13 O pensamento da vanglória é um pensamento muito sutil que se dissimula facilmente entre os virtuosos, desejando publicar suas lutas e perseguindo a glória que vem dos homens. Ele lhe faz imaginar demônios dando gritos, mulheres curadas, uma multidão que toca seu manto; ele lhe prediz até que estará pronto à partir de agora, e faz surgir à sua porta pessoas que vem lhe procurar: e se não quiser, encaminha-lo-á atado. Tendo feito se exaltar dessa forma pelas vãs esperanças, ele alça voo e o abandona às tentações seja do demônio do orgulho, seja daquele da tristeza, que introduz nele outros pensamentos, contrários à essas esperanças. Às vezes até o entrega ao demônio da fornicação, ele que, um instante antes, era um santo padre, que se encaminhava atado!

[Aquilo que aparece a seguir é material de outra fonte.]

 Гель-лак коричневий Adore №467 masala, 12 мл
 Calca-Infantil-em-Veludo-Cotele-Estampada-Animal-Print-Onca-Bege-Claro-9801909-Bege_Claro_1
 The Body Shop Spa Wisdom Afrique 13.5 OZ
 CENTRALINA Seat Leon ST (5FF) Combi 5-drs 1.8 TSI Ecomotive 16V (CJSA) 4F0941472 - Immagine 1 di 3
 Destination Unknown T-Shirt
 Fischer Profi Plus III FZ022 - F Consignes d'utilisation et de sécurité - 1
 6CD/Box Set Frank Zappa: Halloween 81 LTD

14 O demônio do orgulho é aquele que conduz a alma para a queda a mais grave. Ele lhe incita, com efeito, à não reconhecer a ajuda de Deus, mas à crer que ela é por si mesma a causa das boas ações, e à olhar de alto os irmãos considerando-os todos como ininteligentes porque ignoram isso a seu respeito. Vem em sua sequência a cólera, a tristeza e, o que é o último dos males, o extravio do espírito, a loucura, a visão de uma multidão de demônios no ar.

15 Quando o intelecto vagabundeia, a leitura, a vigília e a oração o fixam; quando a concupiscência fica inflamada, a fome, a pena e a anacorese (vide anachoresis) a apagam, quando a parte irascível fica agitada, a salmodia, a paciência e a misericórdia a acalmam. E isto, cumpre ao momento e na medida que convém; pois o que é imoderado e inoportuno dura pouco, e o que dura pouco é mais nocivo que útil.

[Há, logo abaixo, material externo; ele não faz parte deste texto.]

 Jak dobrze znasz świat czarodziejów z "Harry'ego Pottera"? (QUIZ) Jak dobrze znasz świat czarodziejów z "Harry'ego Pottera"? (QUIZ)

16 Quando nossa alma cobiça alimentação variada, que reduza então sua ração de pão e água, a fim de ser grato até por um simples bocado. Pois a saciedade deseja alimentos de todos os tipos, enquanto que a fome considera a saciedade do pão como beatitude.

17 O uso moderado da água contribui muito à continência. Creram nisso os trezentos israelitas que, com Gedeão, se tornaram mestres de Madian.

18 Que a vida e a morte cheguem juntas para o mesmo homem, pode-se admitir isso: paralelamente é impossível que a caridade coexista entre qualquer um com riquezas. Pois a caridade é destrutiva não somente de riquezas, mas também de nossa própria vida transitória.

19 Aquele que foge de todos os prazeres do mundo é uma cidadela inacessível ao demônio da tristeza. A tristeza, com efeito, é a frustração de um prazer, presente ou esperado; e é impossível rechaçar este inimigo, se tivermos um apego apaixonado para este ou aquele bens terrestres; pois ele joga sua rede e produz a tristeza, aí onde vê que vai exatamente nossa inclinação.

20 Se a cólera e o ódio fazem crescer a irascibilidade, a compaixão e a doçura diminuem até a que existe.